In the dim, distant day those who hunger now will have all that they can eat, but those who now are filled will starve. What then is the advantage of that future day over the now? Instead of doing away with hunger, it is to be shifted on to another set of people. There will be just as much poverty in the beautiful future Jesus predicts, as there is to-day, only the people who are poor here, will be rich there, and the rich now, will be the poor then. Is there any inspiration in such a prospect? Is it not like clinging to a straw, to expect help from such haphazard utterances as these? What a serious world desires to know is not how to "beat around the bush," but how to remedy real evils. By taking the bread from one man and giving it to another, we neither add to the quantity of food, nor diminish the stress of poverty. Yet that is precisely the solution Jesus proposes with such a flourish of trumpets. Is it any wonder that people do not care for his heaven, or that humanity has turned away from Jesus to look for help elsewhere? Again Jesus says:

Blessed are ye that weep now, for ye shall laugh.... Woe unto you that laugh now! for ye shall mourn and weep. *

* Luke vi, 21-25.

Is it not fantastic? Jesus seems to believe that to laugh now is a crime; and yet he holds it up as a future reward to those who weep now. There is an oriental saying that the food which each one that comes into the world needs, is set apart for him by Allah; he may eat it all at once, and starve the rest of his life, or use it moderately, and have enough to last him all the days of his life.

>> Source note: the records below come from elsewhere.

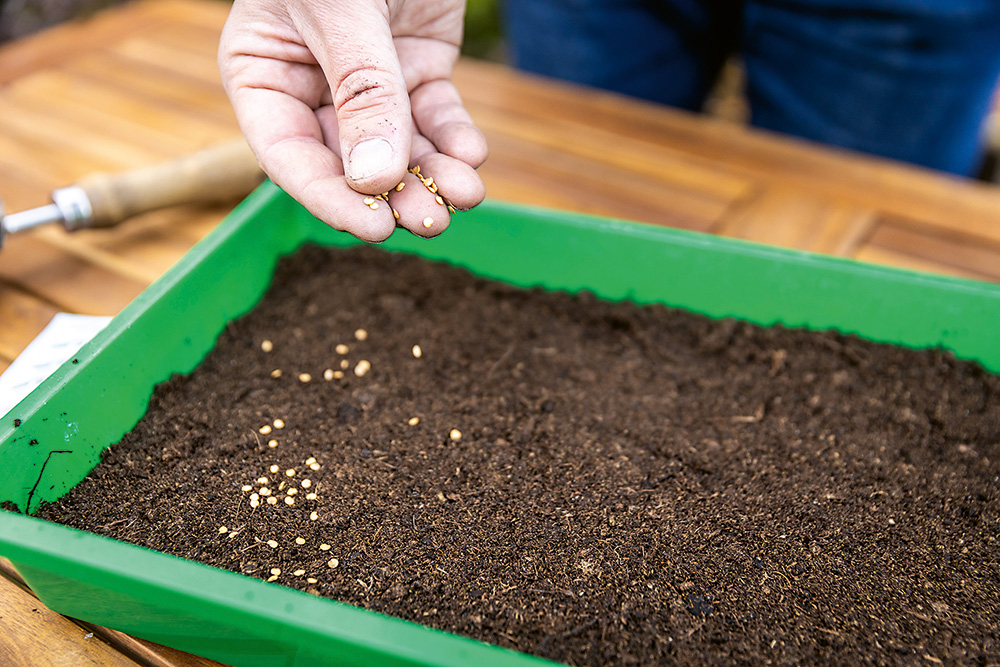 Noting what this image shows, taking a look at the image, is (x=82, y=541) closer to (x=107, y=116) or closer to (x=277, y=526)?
(x=277, y=526)

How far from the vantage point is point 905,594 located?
2.44 ft

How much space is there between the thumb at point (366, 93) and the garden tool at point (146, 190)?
524mm

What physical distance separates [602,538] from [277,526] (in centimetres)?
34

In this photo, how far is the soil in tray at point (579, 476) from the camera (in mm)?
723

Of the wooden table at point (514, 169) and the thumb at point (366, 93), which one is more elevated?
the thumb at point (366, 93)

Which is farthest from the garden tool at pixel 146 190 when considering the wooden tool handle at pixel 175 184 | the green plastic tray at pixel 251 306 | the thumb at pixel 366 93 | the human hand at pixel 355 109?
the thumb at pixel 366 93

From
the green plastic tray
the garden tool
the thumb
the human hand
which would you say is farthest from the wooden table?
the thumb

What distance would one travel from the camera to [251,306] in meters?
1.06

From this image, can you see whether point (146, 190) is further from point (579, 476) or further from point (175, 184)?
point (579, 476)

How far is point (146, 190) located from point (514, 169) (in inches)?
23.9

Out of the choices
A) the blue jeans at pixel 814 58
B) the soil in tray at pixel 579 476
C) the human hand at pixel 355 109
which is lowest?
the soil in tray at pixel 579 476

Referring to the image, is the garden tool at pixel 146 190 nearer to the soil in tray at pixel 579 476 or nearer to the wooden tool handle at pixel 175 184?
the wooden tool handle at pixel 175 184

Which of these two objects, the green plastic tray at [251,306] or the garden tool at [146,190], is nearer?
the green plastic tray at [251,306]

Likewise, Jesus appears to be of the belief that there is just so much happiness set apart for man; he can take it in this world, and go to hades in the next; or he can make this world a place of mourning, and go to heaven in the next. Therefore, "Woe to those who want their heaven here, for they shall be tormented forever after, and blessed are those who mourn and weep here, for they shall laugh in the hereafter." Is this sense?

According to Jesus, as long as a man is weeping and mourning he is "blessed," but as soon as he begins to laugh, then "woe" unto him. In the same way, a man is "blessed" as long as he is hungry, but the moment he is "filled" Jesus turns upon him with a "woe unto you." Who could fail to draw the conclusion from such teaching that to help people to be happy now, is to expose them to the "woe unto you" of God, and to help people out of poverty now, is to bring upon their heads the curse of the future; and that, therefore, we should let the poor be the poor, and the rich, the rich—leaving it to the unknown future to settle all accounts. Such a teacher deserves to have only the unthinking for his disciples.

One Sunday in June, about three years ago, I went to hear the Rev. Dr. Aked, of the Fifth Avenue Baptist Church, in New York city. For his scripture lesson he read the parable of the "Wheat and the Tares." * This is about a farmer who sows good seed in his field. But while he was asleep, his enemies came and sowed tares among the wheat. As the blades sprang up "and brought forth fruit, then appeared the tares also." The farm-hands, when they saw this, asked the owner for permission to destroy the tares. "Nay," replied the master, "lest while ye gather up the tares, ye root up also the wheat with them. Let both grow together until the harvest: and in the time of harvest I will say to the reapers, Gather ye together first the tares, and bind them in bundles to burn them: but gather the wheat into my barn."

* Matthew xiii, 24-30.

What edification is there in such a story? To bring a church full of people together—tired, busy, perplexed, hungering for ideas, for truth, for beauty—only to tell them that the tares must not be touched or separated even from the wheat until some day in the future, some judgment day in the clouds, when the Lord of the harvest shall gather up the tares to be burned, and the wheat to be deposited in his chests! Could anything be more destructive of human endeavor and hope than this shifting of all responsibility upon God and the future? If the parable has any meaning, it is this: Let every field become rank with weeds, and let nothing be done to destroy the weeds now—the future will take care of that. The future is the one great asset of the priest. "Wait until you die," is his answer to every challenge to show present results.